WORK INSTRUCTION >>
Please produce an exact transcription of the lines from the one containing "5 – 10% trẻ" through the last line of the entries, leaving out every picture.

(Dataset excerpts)

- - -

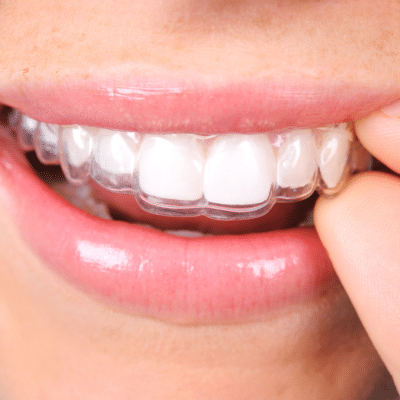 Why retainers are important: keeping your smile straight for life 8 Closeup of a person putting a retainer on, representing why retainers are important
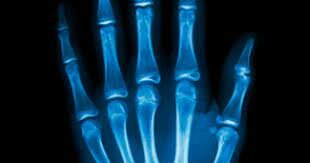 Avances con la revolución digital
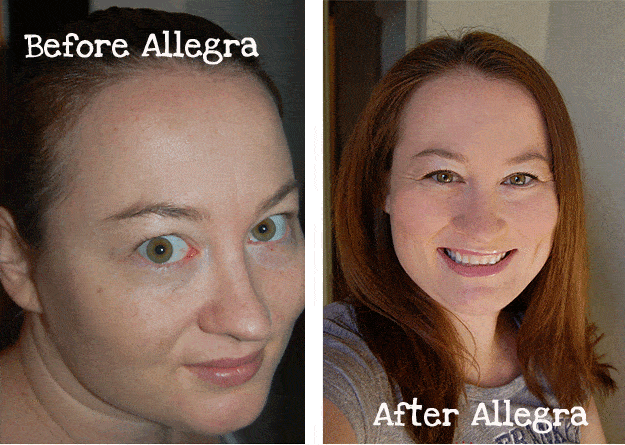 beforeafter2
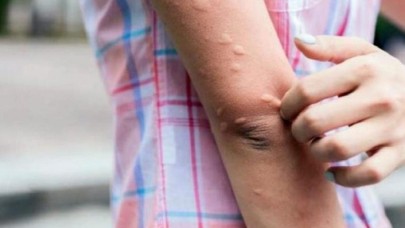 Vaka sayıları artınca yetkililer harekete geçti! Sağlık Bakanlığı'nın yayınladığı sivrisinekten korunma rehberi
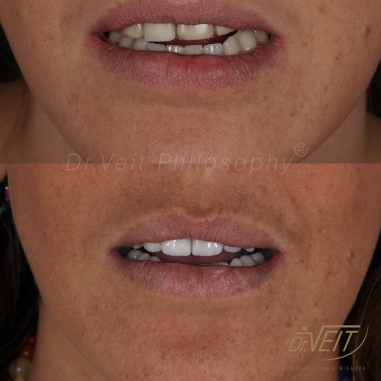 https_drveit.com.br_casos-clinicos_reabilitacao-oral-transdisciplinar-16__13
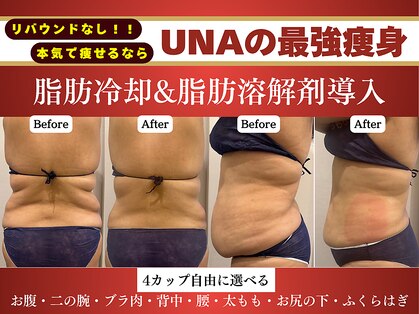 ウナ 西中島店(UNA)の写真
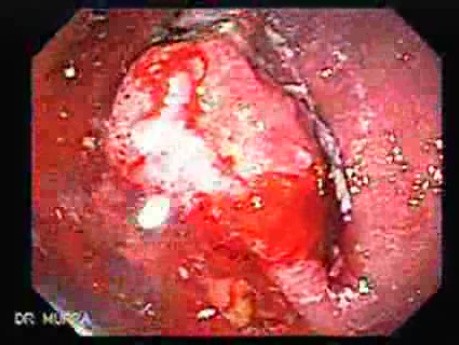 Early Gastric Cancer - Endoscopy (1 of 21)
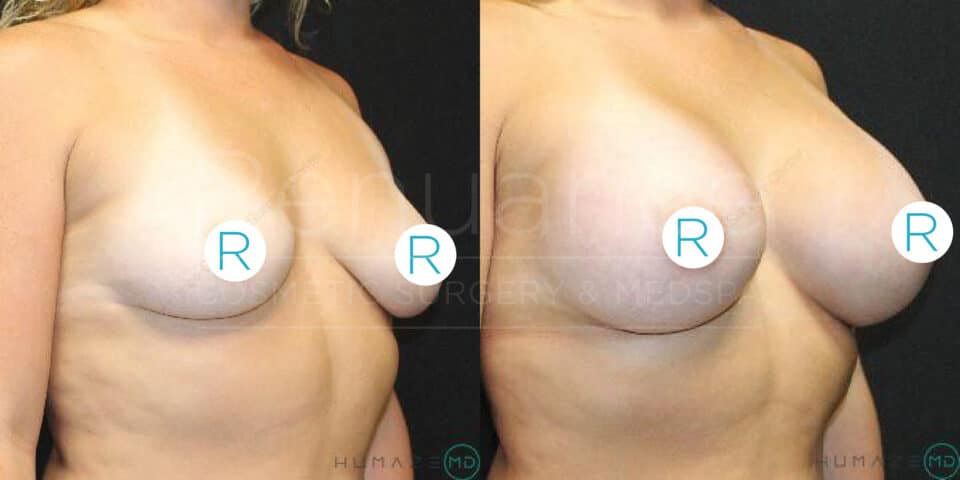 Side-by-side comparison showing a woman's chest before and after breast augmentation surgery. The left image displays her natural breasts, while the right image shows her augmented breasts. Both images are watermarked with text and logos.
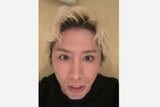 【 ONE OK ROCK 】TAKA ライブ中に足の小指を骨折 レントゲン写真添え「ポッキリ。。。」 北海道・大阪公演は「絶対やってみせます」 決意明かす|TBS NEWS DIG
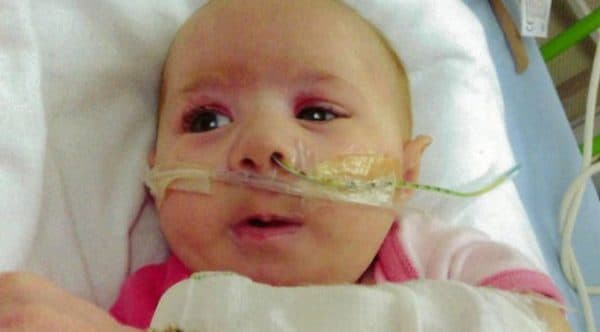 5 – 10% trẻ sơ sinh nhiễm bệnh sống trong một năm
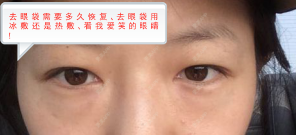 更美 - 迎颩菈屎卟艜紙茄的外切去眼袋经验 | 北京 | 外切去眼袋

- - -

ANSWER FOR THIS EXERCISE >>
 5 – 10% trẻ sơ sinh nhiễm bệnh sống trong một năm
 更美 - 迎颩菈屎卟艜紙茄的外切去眼袋经验 | 北京 | 外切去眼袋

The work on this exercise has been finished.